Task brief :: Look through the data below for the line with "Calvin Klein Füßlinge" and the line with "Phylrich TRANSITION Wall", then transcribe exactly from the first through the second, leaving out all pictures.

Entries provided ::
■ ■ ■ ■

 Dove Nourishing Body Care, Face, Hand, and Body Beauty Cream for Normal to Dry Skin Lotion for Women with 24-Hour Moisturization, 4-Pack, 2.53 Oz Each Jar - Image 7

■ ■ ■ ■

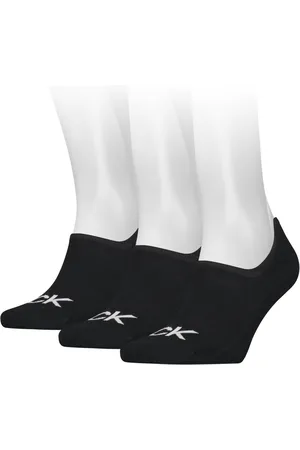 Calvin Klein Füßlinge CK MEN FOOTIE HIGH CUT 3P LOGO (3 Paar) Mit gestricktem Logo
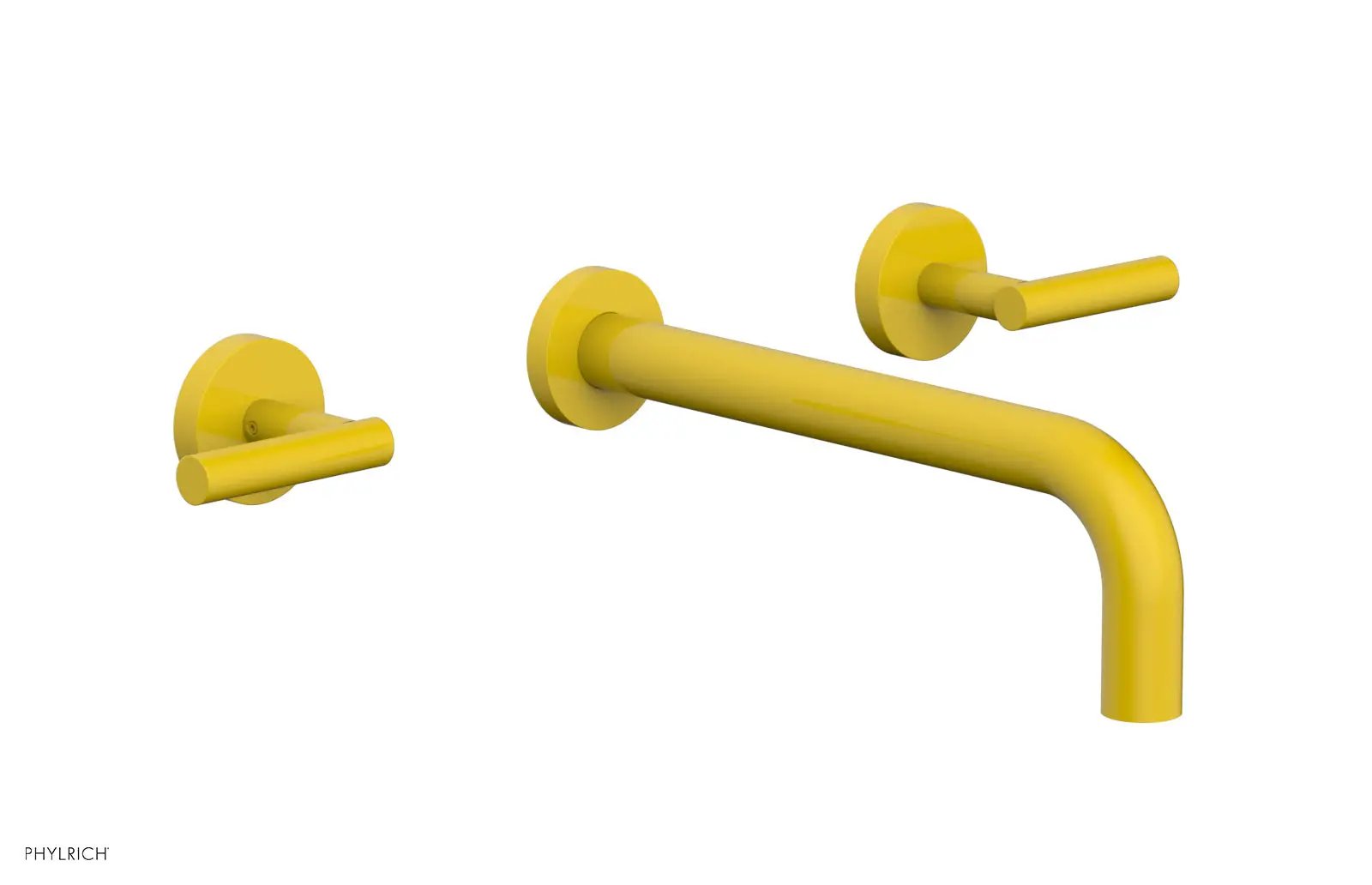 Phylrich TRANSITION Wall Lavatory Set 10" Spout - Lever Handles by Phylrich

■ ■ ■ ■

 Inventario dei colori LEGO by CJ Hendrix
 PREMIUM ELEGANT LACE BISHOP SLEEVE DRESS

■ ■ ■ ■

Reply ::
 Calvin Klein Füßlinge CK MEN FOOTIE HIGH CUT 3P LOGO (3 Paar) Mit gestricktem Logo
 Phylrich TRANSITION Wall Lavatory Set 10" Spout - Lever Handles by Phylrich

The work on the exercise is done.